ABOUT THIS TASK:
Lines containing the word "image" are the ones to copy from the records below.

THE DATA:
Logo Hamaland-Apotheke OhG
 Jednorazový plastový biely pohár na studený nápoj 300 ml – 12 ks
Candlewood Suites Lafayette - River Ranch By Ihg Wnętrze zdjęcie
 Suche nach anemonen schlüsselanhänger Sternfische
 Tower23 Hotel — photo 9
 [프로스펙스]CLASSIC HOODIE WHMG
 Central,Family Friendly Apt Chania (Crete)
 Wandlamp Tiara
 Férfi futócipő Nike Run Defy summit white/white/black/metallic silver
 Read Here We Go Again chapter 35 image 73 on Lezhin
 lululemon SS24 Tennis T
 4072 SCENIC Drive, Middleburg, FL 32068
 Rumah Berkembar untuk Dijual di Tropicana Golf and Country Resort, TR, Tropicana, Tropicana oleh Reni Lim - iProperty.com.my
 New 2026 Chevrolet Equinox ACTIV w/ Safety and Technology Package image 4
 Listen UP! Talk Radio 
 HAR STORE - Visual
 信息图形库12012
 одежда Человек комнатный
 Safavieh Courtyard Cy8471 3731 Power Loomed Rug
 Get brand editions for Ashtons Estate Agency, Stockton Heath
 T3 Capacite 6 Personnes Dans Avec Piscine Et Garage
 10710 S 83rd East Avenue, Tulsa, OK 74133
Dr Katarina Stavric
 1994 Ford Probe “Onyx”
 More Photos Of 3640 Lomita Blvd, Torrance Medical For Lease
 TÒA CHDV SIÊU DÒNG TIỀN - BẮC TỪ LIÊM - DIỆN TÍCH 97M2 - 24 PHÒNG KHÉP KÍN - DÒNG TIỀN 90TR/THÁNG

WRITTEN ANSWER:
 Read Here We Go Again chapter 35 image 73 on Lezhin
 New 2026 Chevrolet Equinox ACTIV w/ Safety and Technology Package image 4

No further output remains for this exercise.